Imperial College scientists urge university not to cancel founding father Thomas Huxley as they say charges of ‘scientific racism’ against him are ‘false’
- Imperial College London is examining links with founding father Thomas Huxley
- Critics have claimed the 19th century biologist ‘might now be called racist’
- A group set up after Black Lives Matter protests called for removal of his bust
- The group also argued that a building named in his honour should be renamed
- But 39 scientists wrote to defend Huxley’s reputation as an ‘ardent abolitionist’
Scientists have urged a university not to cut ties with one of its founding fathers after accusations of ‘scientific racism’ were made by an independent history group.
Imperial College is facing calls to remove a bust of 19th century biologist Thomas Huxley and rename a building named in his honour.
But some of the country’s leading scientific figures including Prof Richard Dawkins and Nobel laureate Sir Prof Paul Nurse have taken up the baton to defend Huxley’s reputation as a dedicated abolitionist against slavery, The Telegraph reports.
The move comes after a report was published in October by an independent history group, formed in the wake of Black Lives Matter protests in 2020, which has examined Imperial college’s links to colonialism.
Their report argued that Huxley wrote an essay which ‘espouses a racial hierarchy of intelligence, a belief system of “scientific racism” that fed the dangerous and false ideology of eugenics’.
Thomas Huxley (1825-1895) was a famed English biologist and a founder of the Royal College of Science, later Imperial College, the institution which is now examining its links with him
Who was Thomas Huxley? Found father of Imperial College under spotlight
Thomas Huxley (1825 to 1895) was an English biologist known for his advocacy of Charles Darwin’s theory of evolution, which led to his nickname ‘Darwin’s Bulldog’.
In 1860, he engaged in the ‘Oxford evolution debate’ with evangelist Samuel Wilberforce, which was widely seen as a crucial step in the public acceptance of human evolution.
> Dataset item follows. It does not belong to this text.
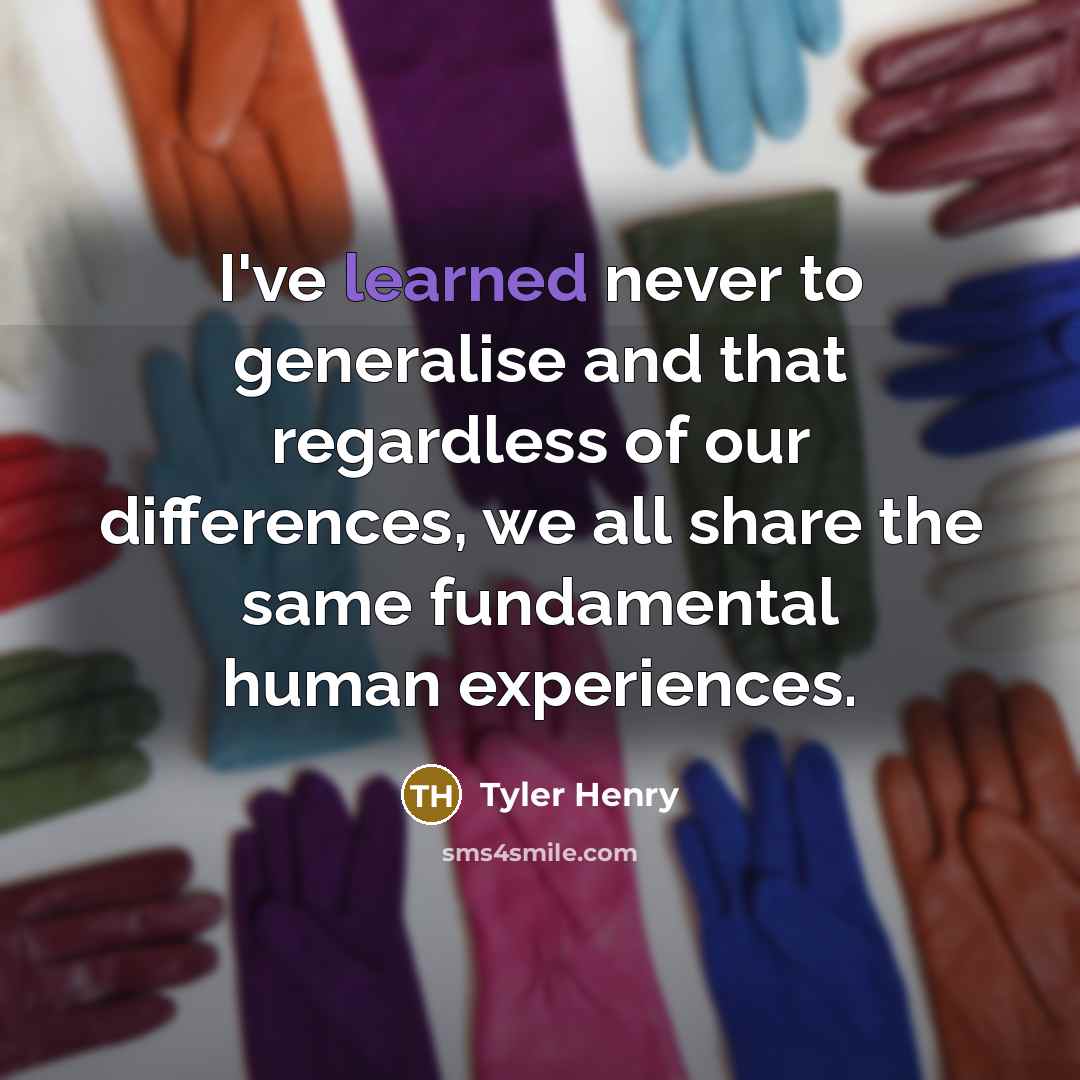 “I've learned never to generalise and that regardless of our differences, we all share the same fundamental human experiences.” quote by Tyler Henry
Huxley was instrumental in advancing scientific thought in Britain and coined the term “agnosticism” in 1869. In 1889, he expanded upon it as a means to assess what is knowable and what is not.
He worked on invertebrates, examining the relationships between groups pf species which were previously only vaguely understood. Later, he worked on vertebrates, particularly the relationship between apes and humans.
The group concluded that Huxley ‘might now be called racist’ and suggested the removal of his bust, as well as renaming the Huxley building.
But a group of 39 leading scientists have risen up to object to the report’s characterisation of Huxley, and they have asked Imperial College not to cut its links with him.
Their letter stated: ‘Huxley was an ardent abolitionist who fought the virulent pro-slavery scientific racism of his day and publicly welcomed the defeat of the Confederacy in 1865,” they say.
‘From childhood poverty, Huxley rose on merit to become President of the Royal Society and Privy Counsellor.
‘”Darwin’s Bulldog”, he fought for the theory of evolution, and first demonstrated our evolutionary descent from an ape-like ancestor.’
Although the scientists admitted Huxley believed in a hierarchy of races, they stated that he became wary of racial stereotypes as he aged.
They added that Huxley ‘reformed London’s schools, was a principal of a working men’s college, wrote volumes of journalism, gave lectures for working people and opened his classes to women’.
‘He was instrumental in founding the Royal College of Science, later Imperial College, the very institution that now seeks to disown him. Many staff were outraged’
‘Huxley’s early belief in a hierarchy of races is not ours.
‘But, for his scientific accomplishments, his conviction that all men and women should be judged on their merits, civic-mindedness, and the reforming zeal he brought to British science and education, we remain in his debt.
‘For these reasons we think his name should stay on Imperial’s walls.’
An independent history group formed in the wake of Black Lives Matter protests in 2020 has reassessed Huxley and suggested his bust should be removed from the campus, as well as renaming a building named in his honour
Prof Armand Leroi, an expert in evolutionary developmental biology at Imperial College, described the history group’s suggestions as ‘frankly shocking’ and said many members of staff were ‘outraged’ – especially the biologists.
He added: ‘Huxley was such a champion of egalitarianism, of access to science, of working class education. These are all things he worked for tirelessly in his life.
‘By the standards of the day he was an extraordinarily enlightened man – he fought against the racist scientists of his day who were allied with slavery ideologues in the US. He should be seen in the context and the mood of his time.’
Imperial College has been contacted by Mail Online for comment.